Available data:

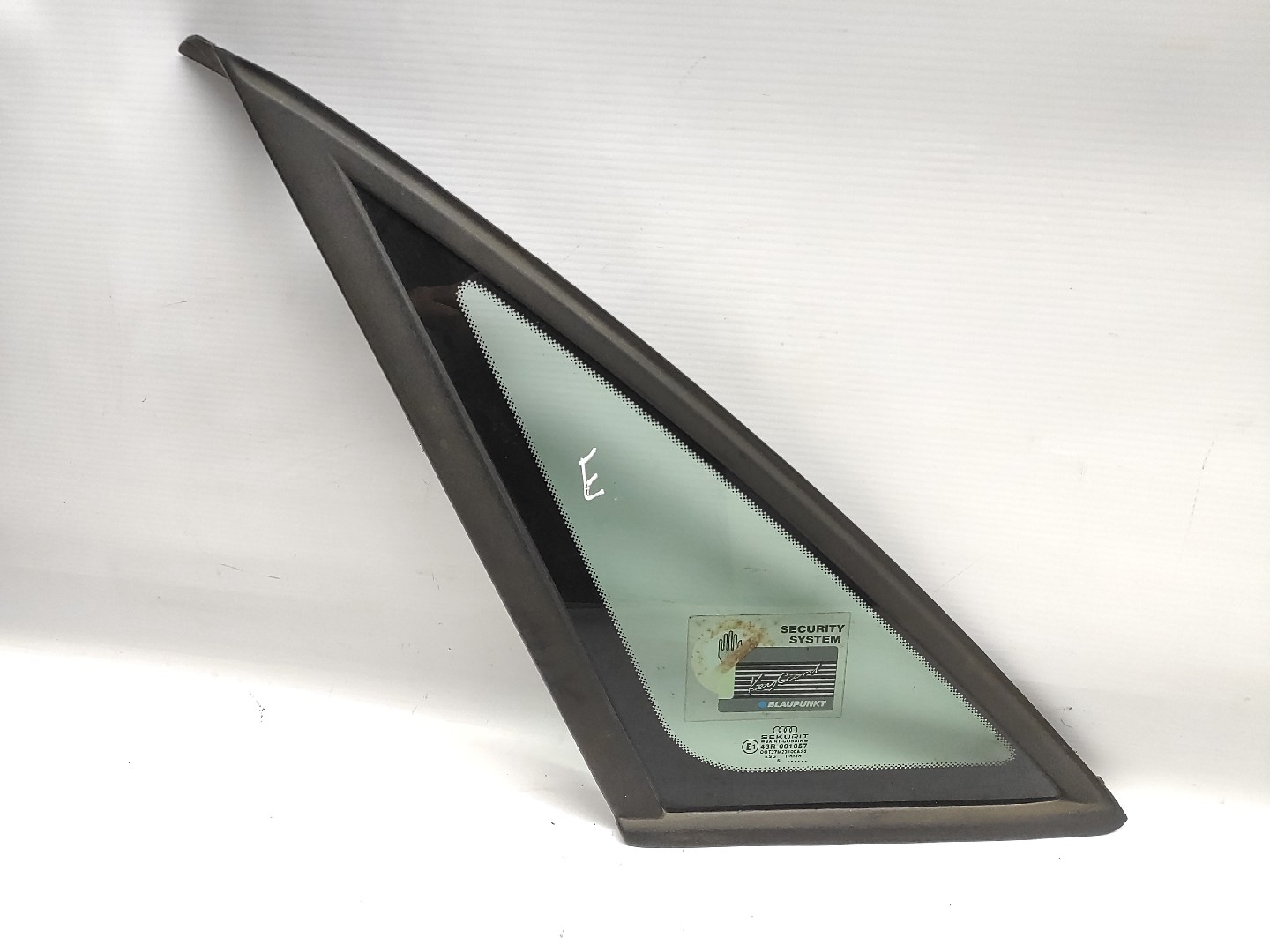 Vidro Painel Tras Esquerdo AUDI A4 (8D2, B5) | 94 - 01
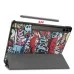 Чохол до планшета BeCover Smart Case Samsung Tab S9 Plus (SM-X810/SM-X816)/S9 FE Plus (SM-X610/SM-X616) 12.4" Graffiti (710377)
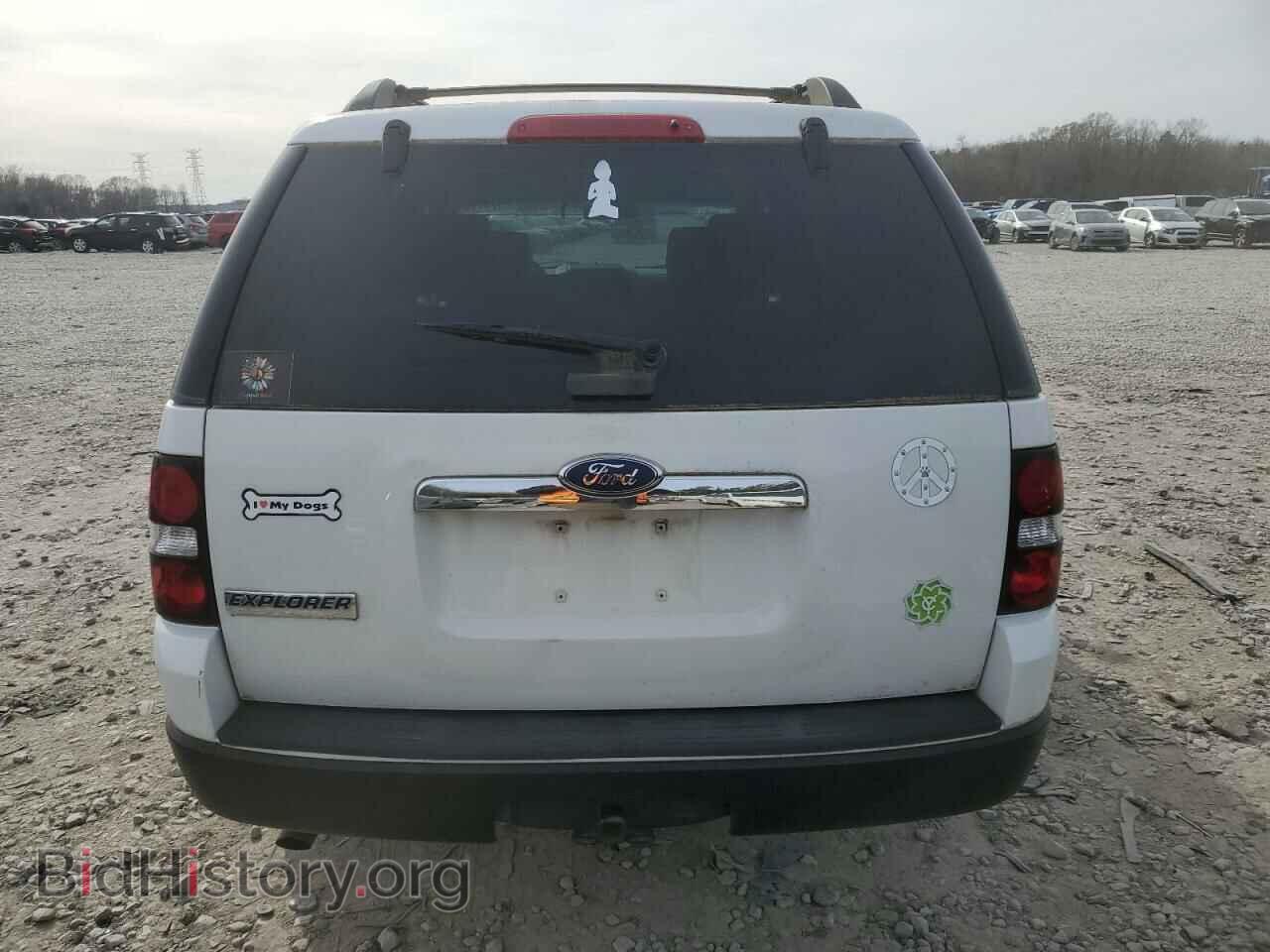 2006 FORD EXPLORER - VIN: 1FMEU62E06ZA15622 - Фото 6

Problem to solve:
All the material shown above is to be copied exactly, with no pictures carried over.

The completed task:
 Vidro Painel Tras Esquerdo AUDI A4 (8D2, B5) | 94 - 01
 Чохол до планшета BeCover Smart Case Samsung Tab S9 Plus (SM-X810/SM-X816)/S9 FE Plus (SM-X610/SM-X616) 12.4" Graffiti (710377)
 2006 FORD EXPLORER - VIN: 1FMEU62E06ZA15622 - Фото 6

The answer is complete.